How Dremio’s Platform Supports the Lakehouse

Dremio simplifies many of these challenges with a platform that makes your lakehouse feel like it “just works.” It does this through several powerful features:

Dremio aims to provide a familiar and easy SQL interface to all your data.

Registering For Dremio Trial

To get started with your Dremio Trial, head over to the Getting Started Page and create a new account with your preferred method.

Getting Started Page with Dremio

If using Google/Microsoft/Github you’ll be all right up after authenticating, if signing up with your email you’ll get an email to confirm your registration.

Confirmation Email

When you create a new Dremio account, it automatically creates a new Organization, which can contain multiple Projects. The organization will be assigned a default name, which you can change later.

On the next screen, you’ll name your first project. This initial project will use Dremio’s managed storage as the default storage for the lakehouse catalog.

If you prefer to use your own data lake as catalog storage, you can create a new project when you’re ready. Currently, only Amazon S3 is supported for custom catalog storage, with additional options coming soon.

Even though S3 is the only supported option for Dremio Catalog storage at the moment, Dremio still allows you to connect to other Iceberg catalogs backed by any cloud storage solution and data lakes using its wide range of source connectors.

Choosing your Dremio Region and Project Name

Now you’ll be on your Dremio Dashboard where you’ll wait a few minutes for your organization to be provisioned.

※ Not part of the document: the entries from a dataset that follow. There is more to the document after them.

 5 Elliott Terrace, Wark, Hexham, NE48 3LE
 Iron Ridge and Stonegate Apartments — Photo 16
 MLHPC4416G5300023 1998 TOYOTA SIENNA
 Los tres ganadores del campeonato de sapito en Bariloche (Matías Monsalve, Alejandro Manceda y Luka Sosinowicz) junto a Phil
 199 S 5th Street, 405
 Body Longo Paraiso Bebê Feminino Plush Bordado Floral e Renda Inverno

Provisioning of Dremio Project

Once the environment is provisioned you’ll see several options including a chat box to work with the new integrated Dremio AI Agent which we will revisit later in this tutorial.

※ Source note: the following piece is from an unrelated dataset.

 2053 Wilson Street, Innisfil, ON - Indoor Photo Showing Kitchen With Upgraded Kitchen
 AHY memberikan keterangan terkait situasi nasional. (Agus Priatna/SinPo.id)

The Dremio environment is now active!

One of the best ways to get started is by adding data to Dremio by clicking add data which will open a window where you can either:

If looking for some sample files to upload, Kaggle is always a good place to find some datasets to play with.

Although for this tutorial let’s use SQL to create tables in Dremio Catalog, insert records into those tables and then query them.

Curating Your Lakehouse

Let’s go visit the data explorer to show you how you will navigate your integrated catalog and other datasources. Click on the second icon from the top in the menu that is to the left of the screen that looks like a table, this will take you to the dataset explorer.

Dremio's Navigation Menu

In the dataset explorer you’ll see two sections:

Please click on the plus sign next to “namespaces” and add a new namespace called “dremio” this will be necessary to run some SQL scripts I give you without needing to modify them.

Adding a new namespace

Now you’ll see the new dremio namespace and in their we can create new tables and views. You may notice there is already a sample data namespace which includes a variety of sample data you can use to experiment with if you want.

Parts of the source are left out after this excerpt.